Despite national trends pointing toward Black Friday as a target for shoplifting, Richmond's statistics over the past few years indicate that there are fewer instances of the crime on Black Friday.
"Thefts on Black Fridays are on average 2 percent higher, according to an analysis of thousands of theft claims by insurance company Travelers over the past seven years," a Fortune 500 article from 2015 reports. "When the claims are broken down into off-premise thefts -- meaning thefts that happen away from homes -- Black Friday thefts are 28 percent higher than any other day."
According to statistics, video game thefts are 42 percent higher on Black Friday than other Fridays, the Fortune 500 article states. Toys are another common target of Black Friday thefts, with three times the amount of toys being stolen that day versus other Fridays.
But in Richmond, that's not the case, according to Richmond Assistant Chief of Police Rodney Richardson.
"For 2016, just in the month of November, we had 51 shoplifting arrests," Rodney said. "On Black Friday, we only had one." Then in 2017, there were only two shoplifting arrests on Black Friday.
He attributed the lower number to action the stores take to prevent more shoplifting.
"Walmart, for example, hires our officers to actually work security," Richardson said. "But I think a lot of stores bring in a lot of loss prevention, too. They take their own steps."
Richardson mentioned Walmart again, saying the store always has security and loss prevention checking shoppers' receipts as they leave the store. On the other hand, because the police department is aware that more people will be out shopping Thanksgiving evening and Friday morning, more officers will be out and about.
"Do we still have arrests on Black Friday? Yes, but they're not significant," he said.

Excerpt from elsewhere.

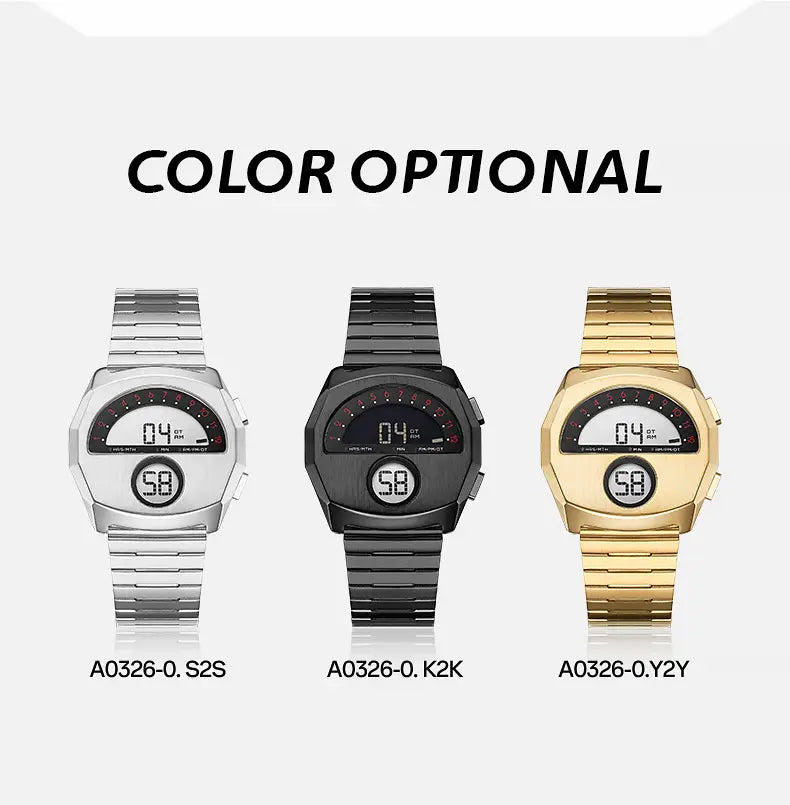 Megir men stainless steel digital watches with rectangular faces and metallic link bracelets available in silver black and gold finishes.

However, they're a little more significant in Berea, according to Jake Reed, public information officer with the Berea Police Department.
"We usually do see a slight increase in shoplifters during the holiday season, not specifically Black Friday, but the whole holiday season," he said.
But he said it isn't a big increase in the amount of shoplifting.
"We have seen a slight uptick within the past several years," he said. "We just take the calls as they come in."
Reed added that not everyone who is arrested on charges of shoplifting give a reason, but some do say they are stealing something to give as a gift.
"I'm sure there are a few who are stealing gifts, but shoplifting is a constant problem that we deal with year round," he said. "I'm sure there are others who are stealing just because the stores are busier, and they think there's a better chance at getting away with it."